Silivri'de tutuklu bulunan İBB Başkanı ve CHP'nin Cumhurbaşkanı adayı Ekrem İmamoğlu PKK'nın fesih ve silah bırakma kararı üzerine X hesabından bir açıklama yaptı. "Türk Kürt kardeşçe, barış ve refah içinde yaşayacağımız günler uzak değil." diyen İmamoğlu, "Bu büyük ve önemli sürecin gereğini bihakkın yerine getirebilmek için; şeffaflığa, Meclis zemininin güçlendirilmesine, kapsayıcılığa, özgürlük ve demokrasi iklimine, uzun vadeli ve bölgesel bir perspektife ihtiyacımız vardır." dedi.

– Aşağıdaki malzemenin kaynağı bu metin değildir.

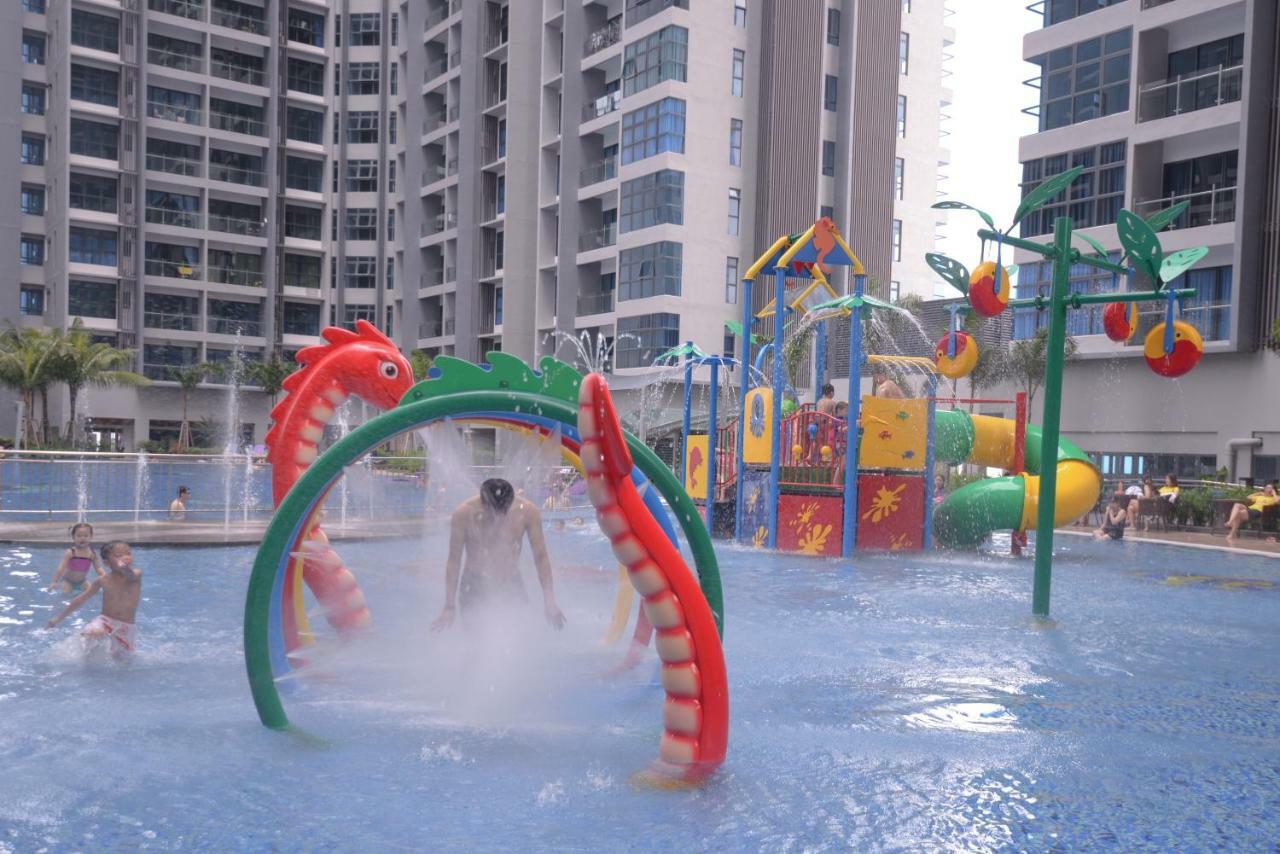 Atlantis Residence @ Icon Stay Melaka Zewnętrze zdjęcie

Terör örgütü PKK, 5-7 Mayıs tarihleri arasında gerçekleştirdiği 12. Kongresi'nin kararlarını açıkladı. Kararda, PKK’nın örgütsel yapısının feshedilmesi ve silahlı mücadelenin sonlandırması kararlarını alarak, PKK adıyla yürütülen çalışmaların sonlandırıldığı ilan edildi.
İlanın ardından İBB Başkanı ve CHP'nin Cumhurbaşkanı adayı Ekrem İmamoğlu, tutuklu bulunduğu Silivri'deki Marmara cezaevinden yazılı bir açıklama yayınladı. Erişime kapatılan X hesabının yerine kullandığı "Cumhurbaşkanlığı Aday Ofisi @CBAdayOfisi" hesabından yayınlanan açıklamada İmamoğlu şunları kaydetti:
"ÜLKEM ADINA ÇOK SEVİNDİM"
Aziz Milletim,
Terör örgütü PKK'nın kendisini feshedip, silah bırakma kararı almış olduğunu öğrendim. Geride kalan kırk sene boyunca gençlerimizin, Türk ve Kürt on binlerce vatandaşımızın hayatına mal olan, kaynaklarımızı kurutan bir dönemin nihayet kapanıyor olmasına ülkem adına çok sevindim.
Artık konuşmanın, diyalogun, siyasetin, işe koyulmanın vaktidir. O kötü günlere bir daha geri dönmemek için hem içeride hem dışarıda yapmamız gerekenler vardır.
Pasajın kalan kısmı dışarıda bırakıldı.